Website owners have a lot more control over the way search engines look at their site than they may realize. Left to their own devices, search engines – or, rather, their robots – crawl the web looking into every nook and cranny they can find. When a search engine’s robot arrives on your site, it will look into every directory it can find. That includes your main website, directories containing images (and sub directories), and even data directories. It was rumored at one stage that Google’s robots had read and stored personal information that businesses had stored on their websites – both customers and employees.
One of the biggest problems confronting search engines now is the amount of information that can be found online. There are billions and billions of pages, and probably far more images and videos. Most businesses have images stored on their website, and given the poor online housekeeping of most businesses, there are bound to be a lot images that are outdated. Yet a search engine’s robot will still search through them all. Search engines are struggling with the amount of data on the web, and they are now recognizing that there must be a limit. Google, for example, strongly urges website owners to include a file, known as the ‘Robots.txt’ file, that includes instructions on what can and cannot be searched through.
There are several benefits to website owners that can be gained by having a well optimized robots.txt file. The first is bandwidth – the longer a search engine’s robot is searching across your site, the more bandwidth it uses. By limiting its scope, you are reducing the amount of bandwidth used.
Of more importance is the SEO benefits to using a robots.txt file. If you use a content management system like WordPress, your content can be stored in several places at once – stored by month in the archives, stored by tags, and stored by category. That is on top of the ‘original’ page. A robots.txt file can be used to prevent a search engine’s robot from searching and indexing content in each of those supplementary stores – this reduces a problem known as duplicate content. Duplicate content, as the name suggests, is the same content that is found in several places. The robots.txt file can pass instructions that reduces this – and that certainly makes a search engine happy.
You can also use the robots.txt file to bar access to any area of your website that you don’t want a search engine’s robot to crawl. You can bar access to one search engine, for example Google, while allowing access to every other search engine.

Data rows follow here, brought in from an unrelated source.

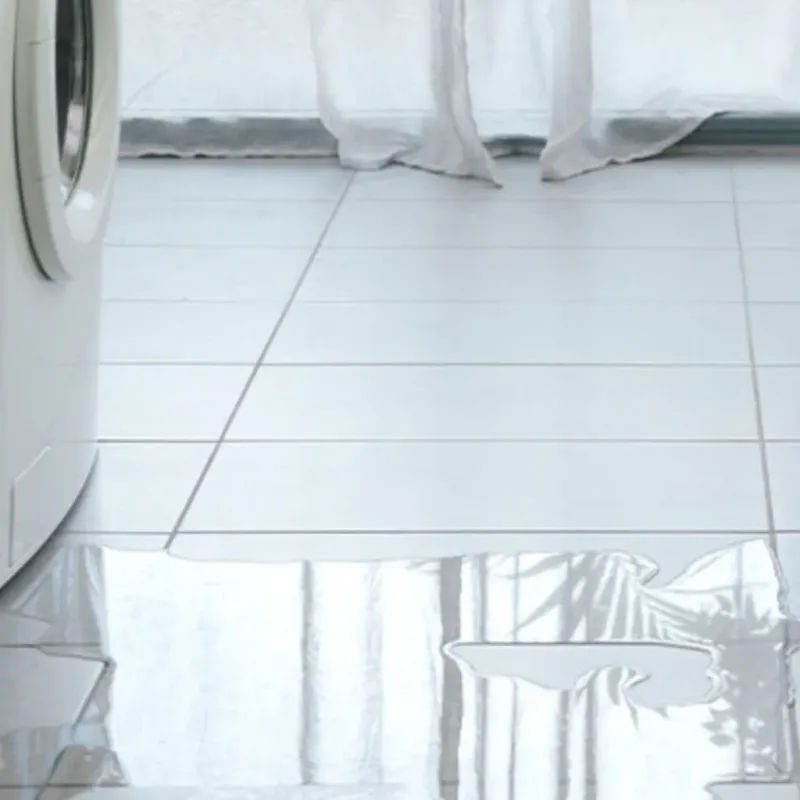 Appliance Leak Cleanup in Syracuse, IN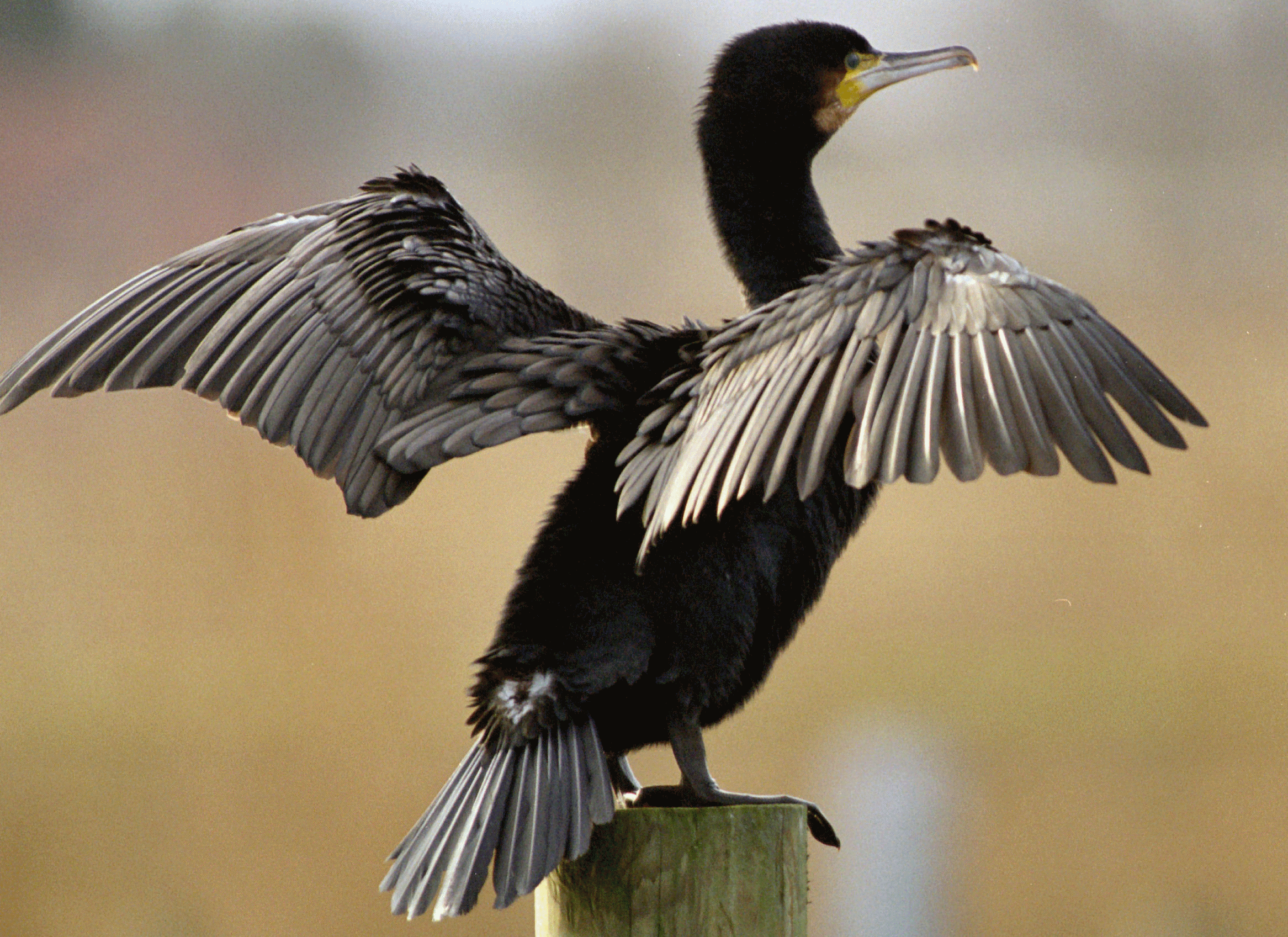 Behavioral thermoregulation in Cormorants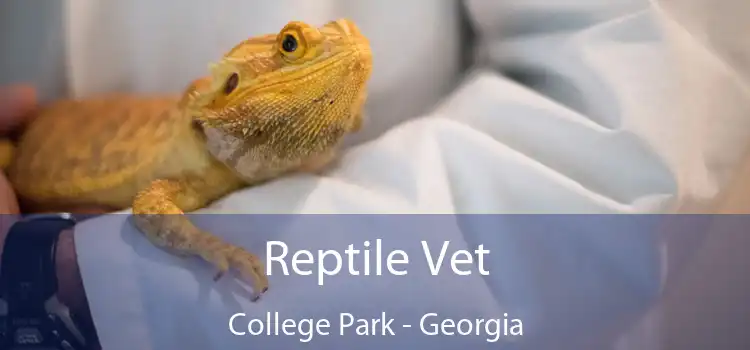 Reptile Vet College Park - Georgia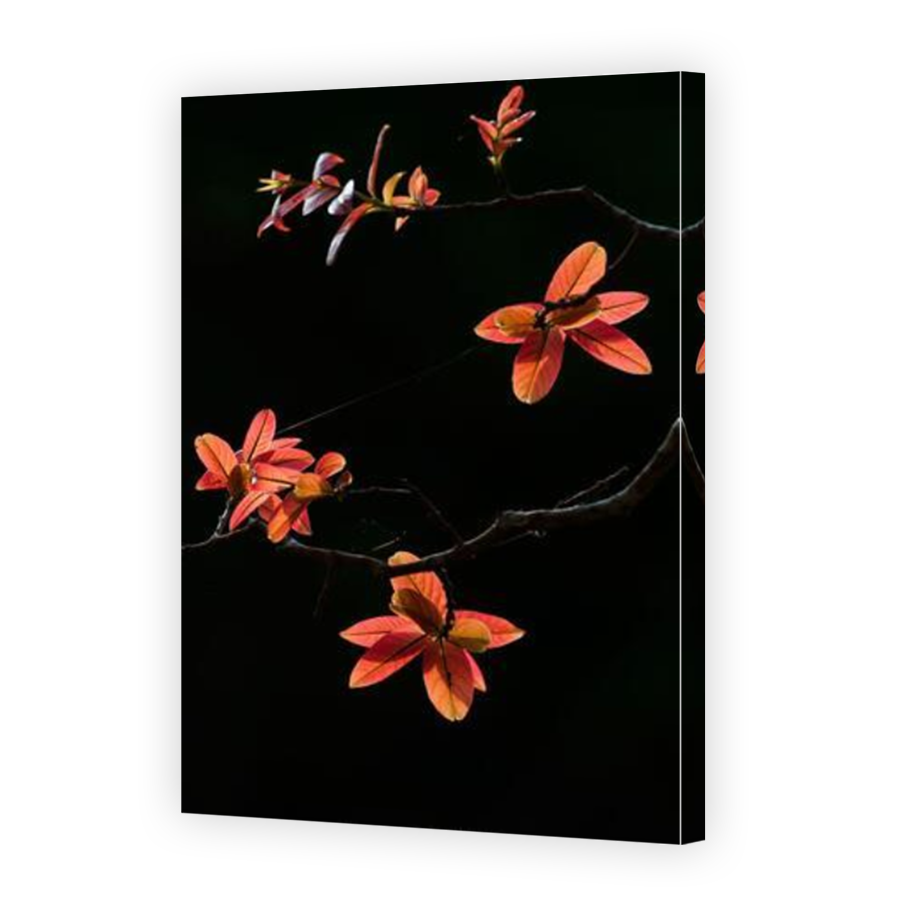 Thumbnail for Canvas - Mirror Image Canvas Wrap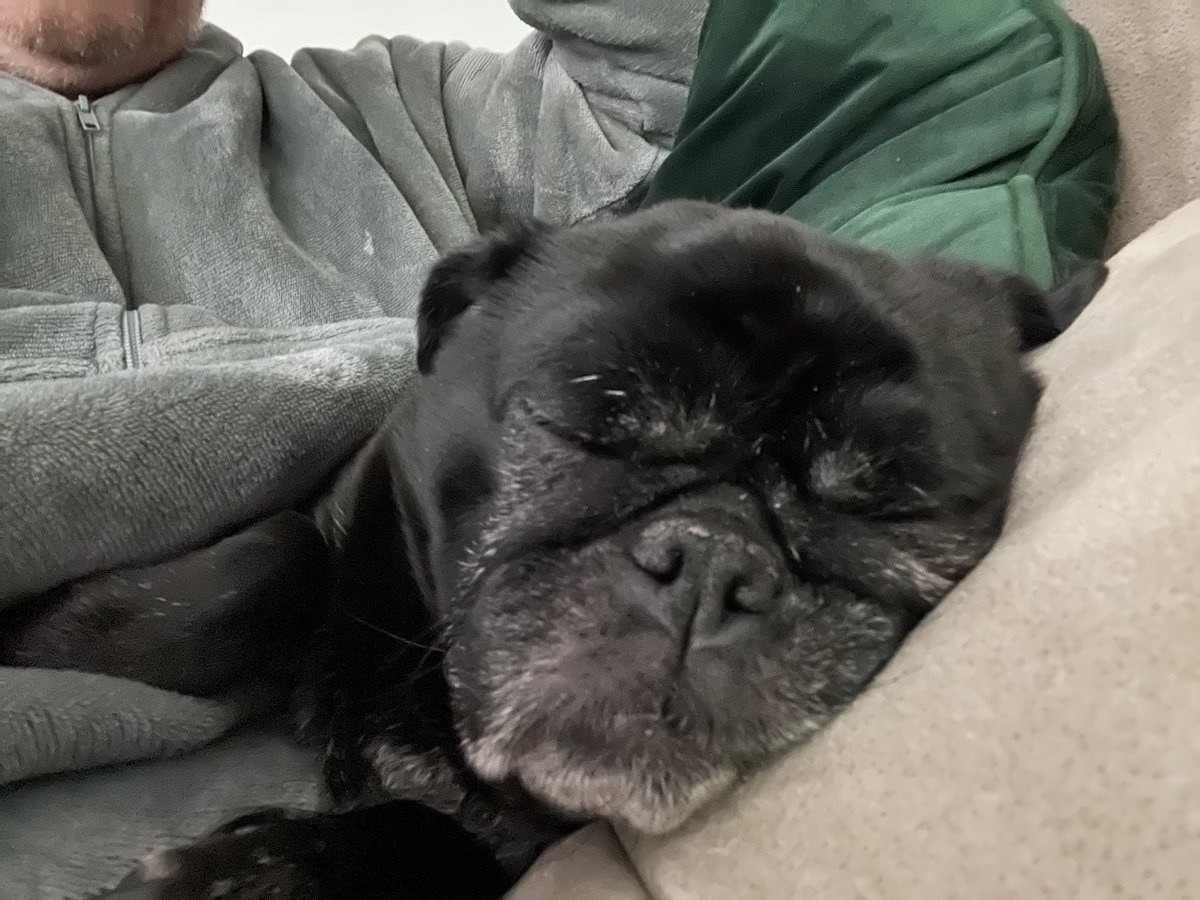 michael dewison tweet media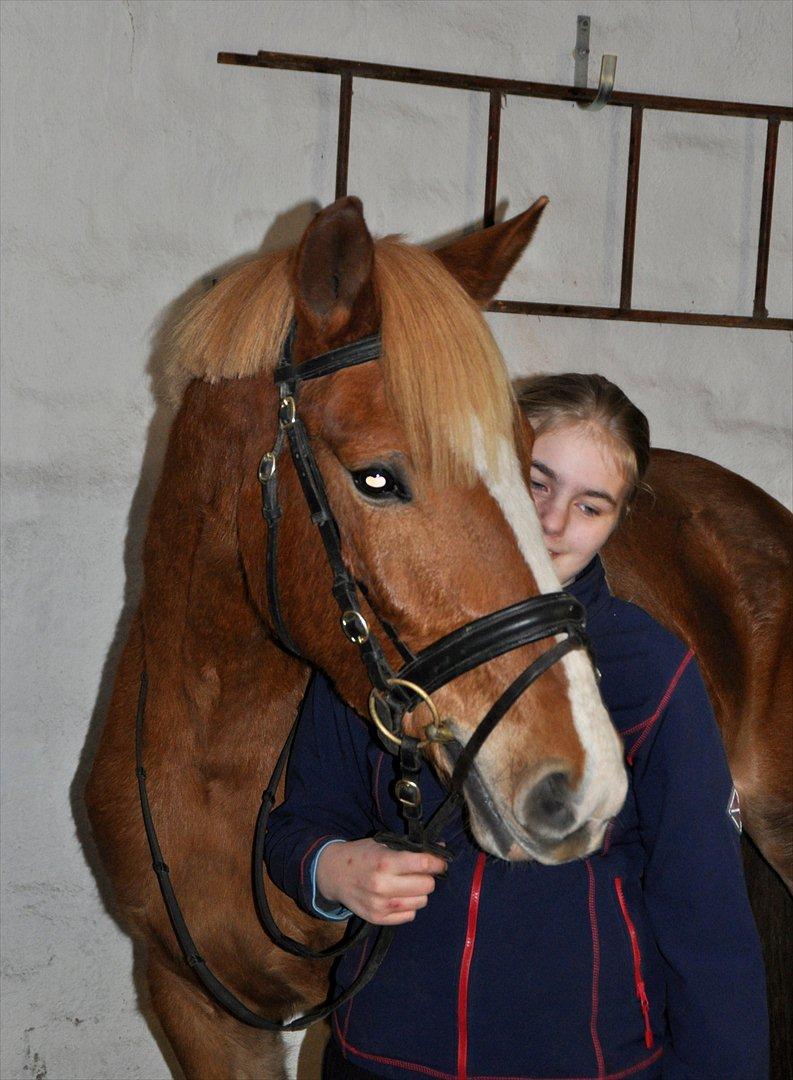 Frederiksborg Stald Caka´s Sanina billede 13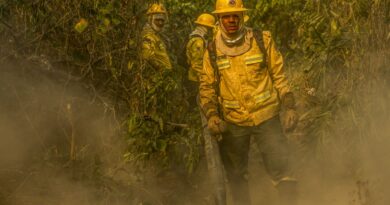 Fotógrafo da Agência Brasil é destaque em prêmio internacional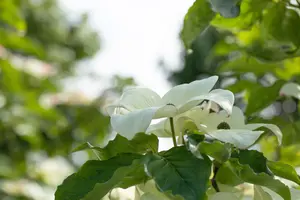Cornus florida 'Cloud Nine' - STDS 6-8 CM C30 FEATHERED - image 3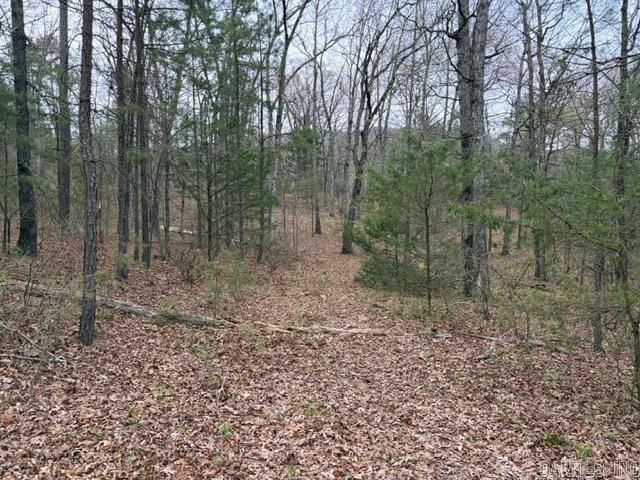 40 Acres FS RD 1436  Clarksville, AR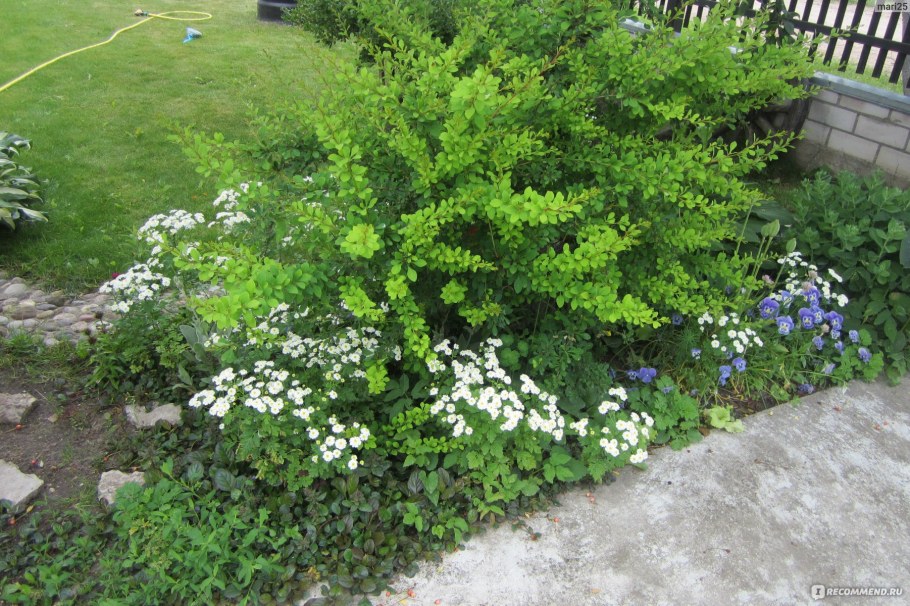 Пиретрум девичий в ландшафте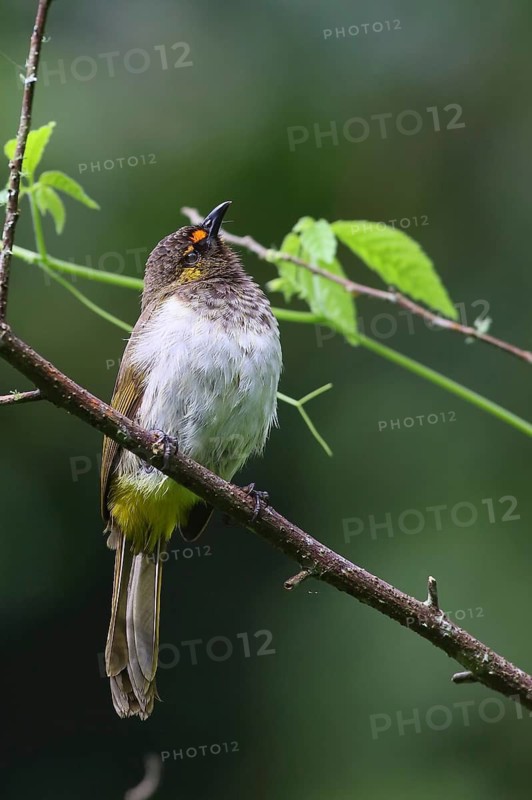 Orange-spotted Bulbul (Pycnonotus bimaculatus) male, Java, Indonesia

A robots.txt file, if used wisely, can fine tune a website, allowing search engines to crawl through content that you do want to have found in the search engines whilst banning the crawling and indexing of private content, or content that is not of value to searchers. Once you have created a robots.txt file, simply upload it to the root directory of your website. Search engines look for it every time they arrive on a website, and they do generally follow the directions provided.